Lower PEEP as good as higher PEEP in Non ARDS patients

Marcus J. Schultz, Anna Geke Algera,  Luigi Pisani et el published a trial in JAMA comparing lower versus higher PEEP in Non ARDS patients who needed mechanical ventilation in intensive care unit. 


Higher PEEP has  shown some beneficial  effects in patients with ARDS.  Effect of this observation has resulted in use of  higher PEEP in patients who  do not have ARDS.   On the one hand,  higher PEEP results in better distribution of lung aeration, which improves oxygenation but on the other hand, higher PEEP can cause impaired hemodynamics and increased need for additional fluid administration or vasopressors during surgery.  So far  role of PEEP in  patients who do not have ARDS  has not been well studied.


A randomized clinical trial conducted at the ICUs of 8 hospitals in the Netherlands. 


Adult patients who received mechanical ventilation  and were expected not to be extubated within 24 hours of randomization.  Patients with ARDS were excluded.   Following patients were also excluded

  • pregnancy;
  • ventilation lasting longer than 12 hours before admission to the ICU;
  • COPD GOLD class III/IV; restrictive pulmonary disease;
  • increased and uncontrollable intracranial pressure;
  • delayed cerebral ischemia;
  • ongoing cardiac ischemia;
  • morbid obesity;
  • necrotizing fasciitis;
  • severe untreatable anemia;
  • neurologic diagnosis that could prolong duration of mechanical ventilation;
  • carbon monoxide poisoning;
  • receiving ECMO


Lower PEEP, consisting of the lowest PEEP level between 0 and 5 cm H2O , or higher PEEP, consisting of a PEEP level of 8 cm H2O.  In the low PEEP group, after intubation and start of ventilation, every 15 minutes PEEP was down-titrated by 1 cm H2O to a minimum of 0 cm H2O, as long as pulse oximetry–measured oxygen saturation (Spo2) was greater than 92% or Pao2 was greater than 60 mm Hg.
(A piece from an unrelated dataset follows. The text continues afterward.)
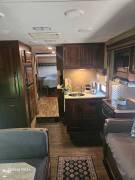 2017 Forest River Sunseeker 3170DS, $ 45,600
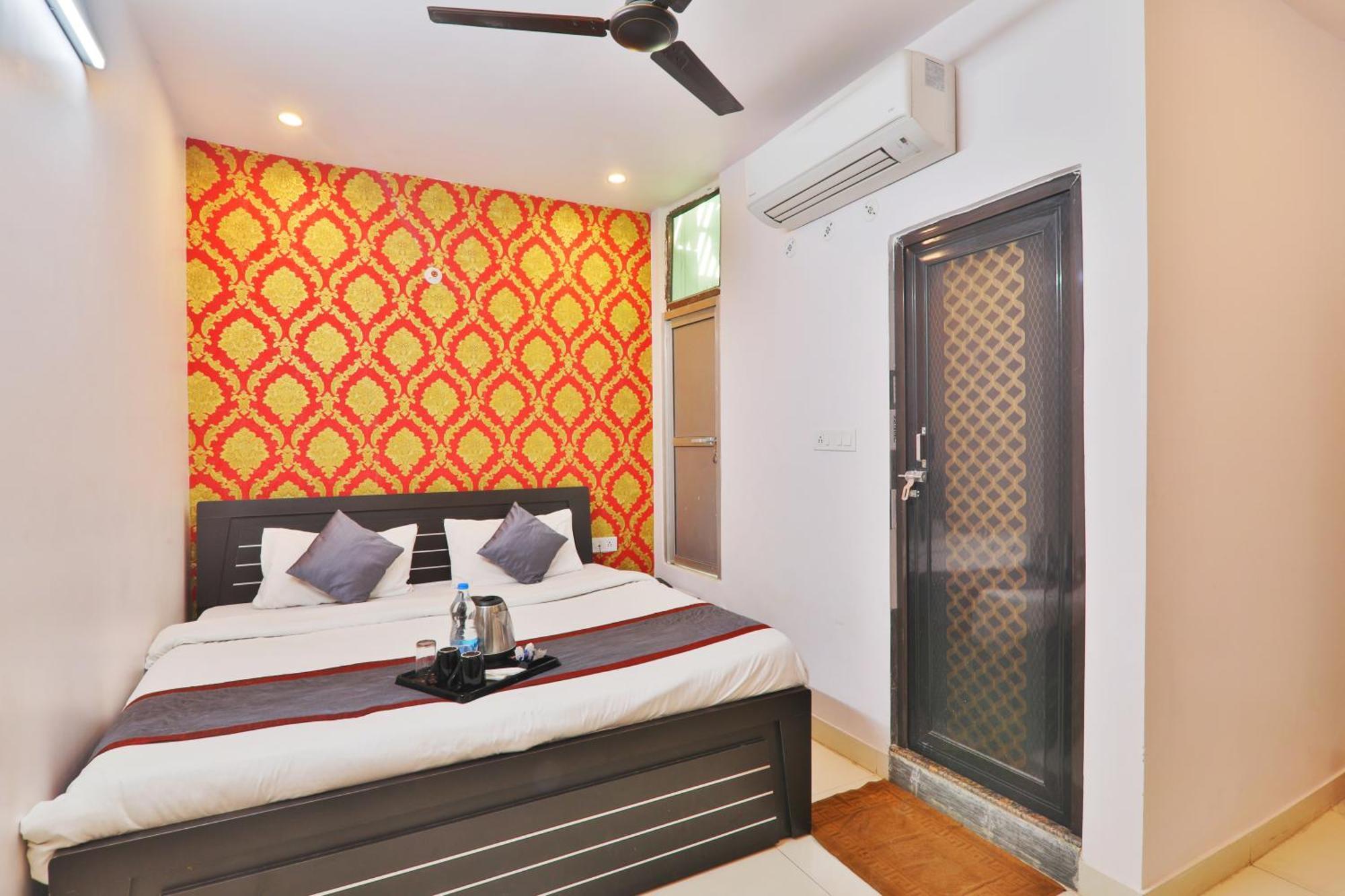 Divine Glory Hotel Lucknow Exteriör bild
Patients randomized to the higher PEEP strategy started with PEEP at 8 cm H2O.

Main Outcomes and Measures 

Number of ventilator-free days at day 28.

Secondary outcomes- ICU and hospital lengths of stay; ICU, hospital, and 28- and 90-day mortality; development of ARDS, pneumonia, pneumothorax, severe atelectasis, severe hypoxemia, or need for rescue therapies for hypoxemia; and days with use of vasopressors or sedation.


  • 980 randomized patients enrolled in the study, 484 were randomized to the lower PEEP strategy and 496 to the higher PEEP strategy.
  • Lower PEEP strategy had a median of 18 ventilator-free days (IQR, 0-27 days) , higher PEEP strategy had a median of 17 ventilator-free days (IQR, 0-27 days), no statistically significant difference between the randomization groups (P = .22).
  • There was no statistically significant difference in ICU and hospital lengths of stay, mortality rate, or occurrence of pulmonary complications or use of vasopressors or sedatives.


  • blinding was not possible.
  • Some patients were not randomized within 1 hour.


Patients without ARDS do not need higher PEEP for mechanical ventilation.